The current building is a replica of the pavilion that represented the progressive and democratic Germany of the Weimar Republic at the 1929 Barcelona International Exposition. The building was designed to host the official reception presided by King Alfonso XIII with the German authorities.

The original pavilion was disassembled at the end of the exposition, in 1930, but as it was recognised as a key piece of 20th-century architecture, it was reconstructed in the 1980s at its original location next to the Magic Fountain.

The pavilion is in line with the German architect’s maxim of ‘less is more’. He sought to achieve a complete fusion of spaces and put an end to the rigidity of the differentiation between the inside and the outside. Built in glass, steel and various types of marble, the importance of the building lies in the ideal of modernity expressed by the arrangement of these materials: perfect symmetry, open spaces, the precision of distances and minimalism.
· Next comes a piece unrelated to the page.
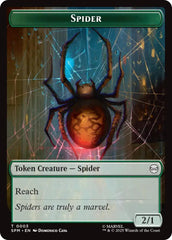 Spider // Treasure Double-Sided Token [Marvel's Spider-Man Tokens] | Spectrum Games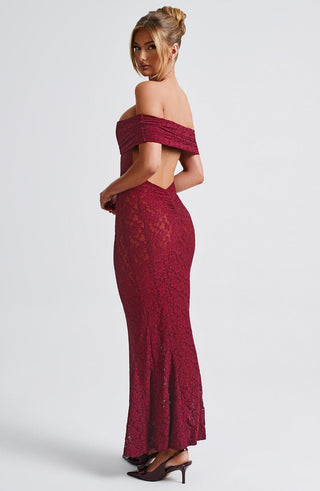 Stephanie Maxi Dress - Burgundy - Napalia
The effect is completed with the Georg Kolbe sculpture, "Morning", which is strategically located at one end of the pond. The pavilion is also home to the Barcelona chair, which Mies van der Rohe designed specifically for the occasion. Made in leather with a metallic profile, it has become one of the icons of modern design.

 

For the most curious of you

  • Did you know? The pavilion is considered to be one of the four canonical pieces of the modern architecture movement, along with the Bauhaus building by Walter Gropius, Villa Savoye by Le Corbusier and Fallingwater by Frank Lloyd Wright.
  • Local’s tip: The pavilion is now managed by the Fundació Mies van der Rohe, which organises guided visits.
  • A must: For those interested in the architectural movements of the 20th century.